It is simply a market correction that occurs in a cycle. If you (or your company) did not plan for the consequences -- or avoid the over-spending of so-call "free money" altogether -- then this correction will merely be a nuisance. In some instances, these types of corrections are where people and companies build their wealth.

Unfortunately, for many companies and those american families that have access to the so-called "free money" (middle class families that are wealthy enough to attract sizeable loans, but not wealthy enough to weather a market hiccup) the illusions of grandeur was too much of a temptation. Now, politicians will get in a cue behind the nearest microphone so that they can have their 15-minutes of fame to suggest to the american people that we must save those in the middle class who knowingly walked into the ditch that they now find themselves. Poppycock!
 
More good news for the US Dollar.

Saudi Arabia has refused to cut interest rates in lockstep with the US Federal Reserve for the first time, signalling that the oil-rich Gulf kingdom is preparing to break the dollar currency peg in a move that risks setting off a stampede out of the dollar across the Middle East.... "This is a very dangerous situation for the dollar," said Hans Redeker, currency chief at BNP Paribas.

Jim Rogers, the commodity king and former partner of George Soros, said the Federal Reserve was playing with fire by cutting rates so aggressively at a time when the dollar was already under pressure.

The risk is that flight from US bonds could push up the long-term yields that form the base price of credit for most mortgages, the driving the property market into even deeper crisis.

"If Ben Bernanke starts running those printing presses even faster than he's already doing, we are going to have a serious recession. The dollar's going to collapse, the bond market's going to collapse. There's going to be a lot of problems," he said.

http://www.telegraph.co.uk/money/main.jhtm...bcnsaudi119.xml
 
Yeah, there may be a country or two that drops the dollar because of the current credit melt down, but many countries cannot drop the dollar without creating out-of control inflation... which is the very reason why Saudi Arabia has decided not to match our interest rate cut.
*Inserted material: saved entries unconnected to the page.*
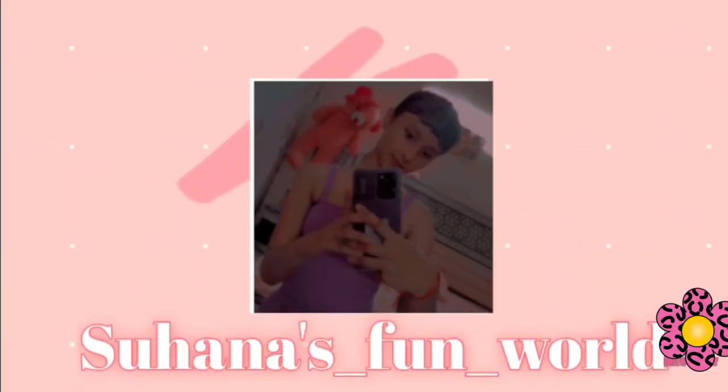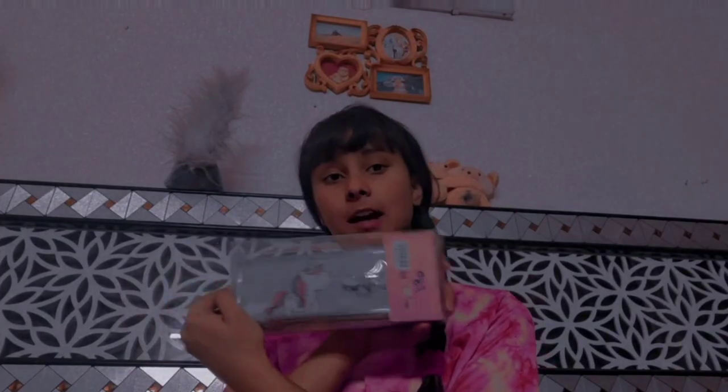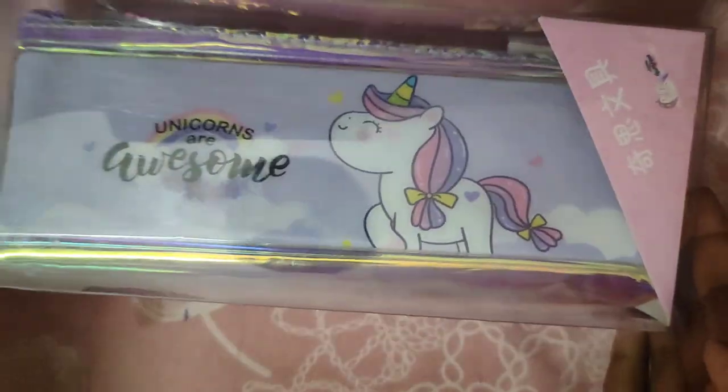Hey guys, it's me Suhana and welcome back to my channel Suhana's Fun World. So friends, today I'm gonna organize my pouch. So without wasting much time, let's get started.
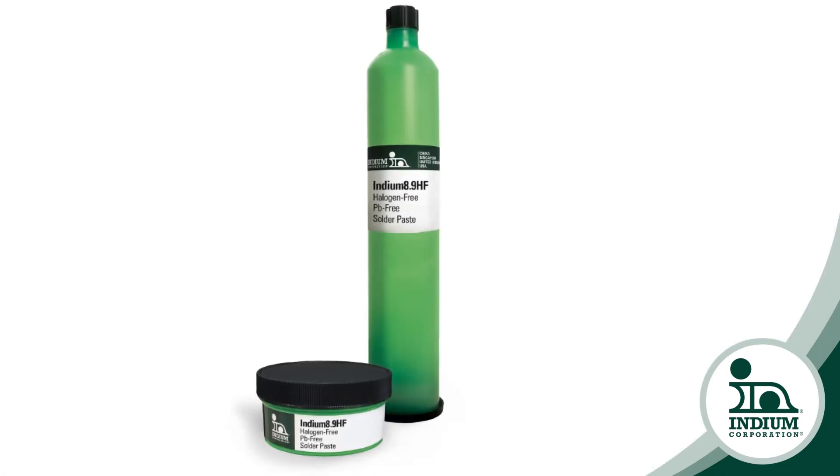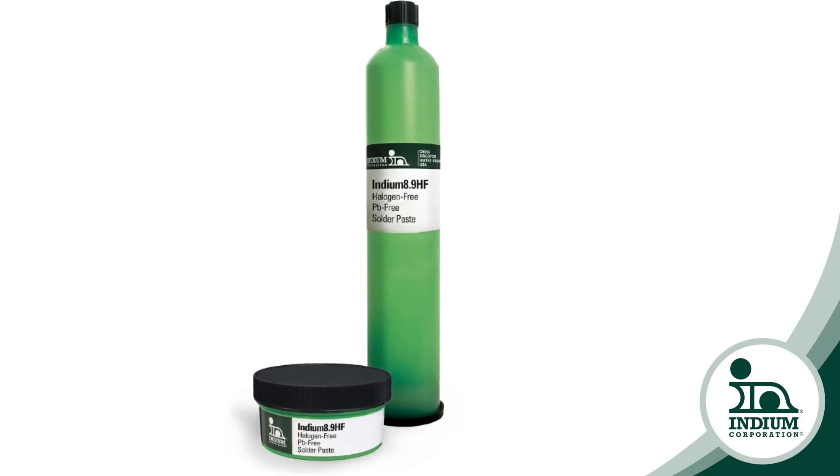Let's talk about pot life, stencil life. What have you found with regard to longevity and usefulness of the solder paste? I've done a lot of testing with 8.9 HF. In this category it really stands out as far as how long it lasts in the refrigerator, how long it lasts at room temperature, especially how long it lasts on the stencil. A normal production day is eight hours — one shift — and I always verify that our paste is going to last that full eight-hour shift.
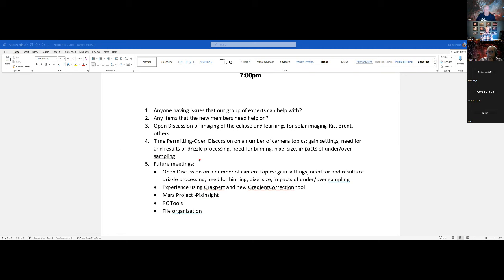The big recent event is the eclipse. We have presentations from Rick and Brent, plus others who did great work shared on the Slack channel. Rick will talk about his trip to Mexico, and then Brent will cover what he captured plus additional information to share.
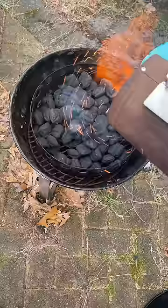Got the charcoal lit up and poured those sparks directly in my face. Then smoked that lamb over applewood low and slow.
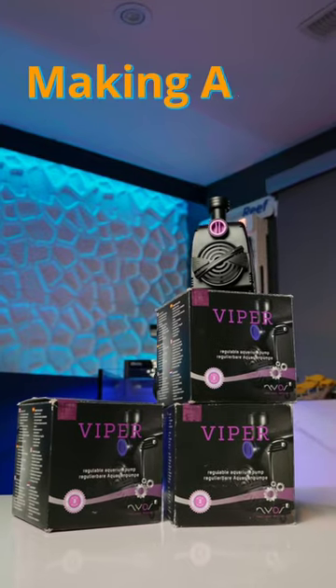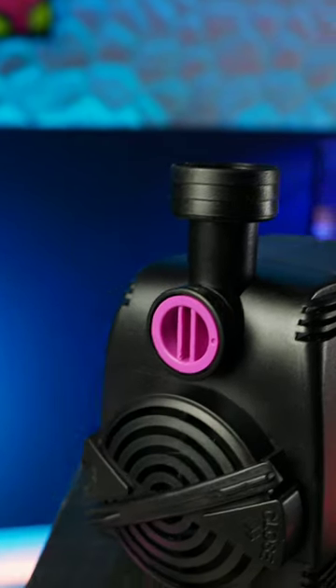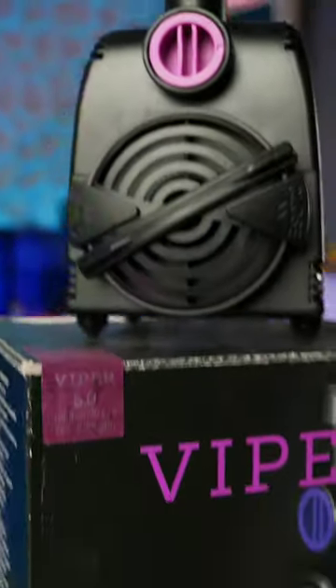AC pumps don't get a lot of attention these days, but NIOS is aiming to change that. Their Viper AC return pumps have some real appeal. They're really compact, making it easy for them to fit into even the tightest sump configurations.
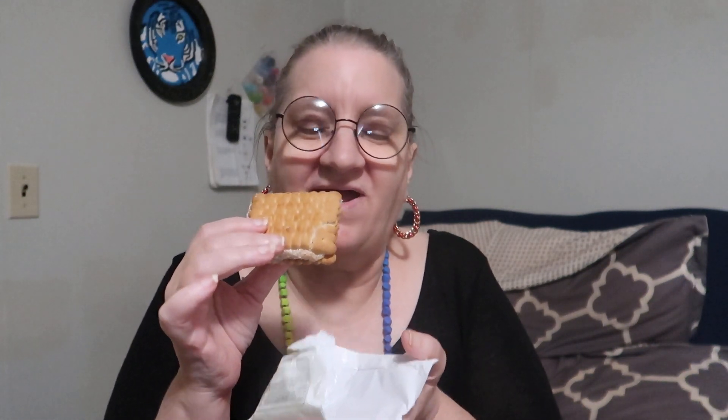It smells just kind of like a standard shortbread cookie — not really smelling any citrus. The chihuahuas want to bite — you can't have any of this yet. Let me try it. All right, here we go.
The bright side of all this is that foreign companies that export to the U.S. tend to lower their prices when their local currency rises against the dollar. This should stablize the prices of a large portion of our goods... until, atleast, those companies meet the edge of their profit margin.
 
Yea can I borrow those rosy glasses of yours :lol:

``It seems like the world is dumping the dollar,'' said John Taylor, chairman of FX Concepts Inc., a New York firm that manages $12.1 billion in currencies. ``We have sold the dollar and will continue to do so. My preference is to sell the dollar against European currencies.''

Greenspan on Recession

Former Fed Chairman Alan Greenspan said in an interview yesterday the odds of a recession remain ``somewhat more'' than one in three, even after this week's cut in interest rates, with home prices likely to drop further and hurt consumer spending.

http://www.bloomberg.com/apps/news?pid=206...mp;refer=europe
 
Yea can I borrow those rosy glasses of yours :lol:


Sure. I would rather wear those than doom and gloom glasses. I hope for the best, but prepare for the worst. (i.e. shorting, currency exchange, yet big time bond buying).

A new Federal Reserve study suggests foreign companies that export to the U.S. tend to lower their prices when their local currency rises against the dollar.

The study’s findings suggest the dollar’s slide, which has accelerated since the Fed cut interest rates half a percentage point Tuesday, may not have a dramatic impact on U.S. inflation, with one caveat (caveat is what I mentioned in my above post about profit margins).

The study examined how the U.S.’s trading partners adjust the prices of their exports when their currencies rise or fall against the dollar. The study, posted this week on the Fed’s Web site, found that increasingly, they tend to lower their prices when their currency rises against the dollar. That would tend to keep their prices constant in dollar terms in the U.S. market, minimizing their loss of market share.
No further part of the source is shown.